Thursday, October 15, 2020

Griswold: A Few Comments and Questions




                                     Justice Scalia's Rubber Stamp (photo by his son, Chris)







"Please don't emanate in the penumbras" --SCOTUS blog

For all its talk about penumbras and emanations, Griswold is a Substantive Due Process/Lochner-type decision in which the Court decided that "privacy in marriage" is a fundamental right protected by the Constitution. By the time it decides Roe, the Court frankly admits that SDP is the source of the non-constitutional, Constitutional right of privacy.

But privacy to do what? Do unmarried people have a right of "marital privacy" to use contraceptives? Yes, I guess that makes it non-marital, marital privacy! See Eisenstadt v. Baird, casebook at 583.

Does the Constitution allow "the police to search the sacred precincts of the marital bedroom" for illegal drugs, or guns, or other contraband? Of course, so long as they get a warrant or otherwise comply with the Fourth Amendment! I guess the marital bedroom is not so sacred after all!

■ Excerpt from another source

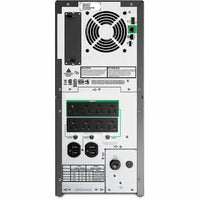 APC SMT2200C Smart-UPS, Line Interactive, 2200VA, Tower, 120V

Is the Griswold Court an "activist" Court?

Of course not-- Justice Douglas explicitly informed us that: "We [the Court] do not sit as a super-legislature to determine the wisdom, need, and propriety of laws that touch economic problems, business affairs, or social conditions." As the Bard might have said, "The lady doth protest too much, methinks." Whenever the Court feels compelled to deny it is being activist, that is a great marker of an activist decision that is about to follow.

By the way, this is not to say that "silly" state laws banning contraception are good policy. It is simply to recognize that these policy questions are left to state legislatures and state constitutions under the Tenth Amendment, not to the Supreme Court under the Written Constitution.

Not all bad laws are constitutionally prohibited; and not all good laws are constitutionally required.

Indeed, Justice had a rubber stamp that said : "STUPID BUT CONSTITUTIONAL."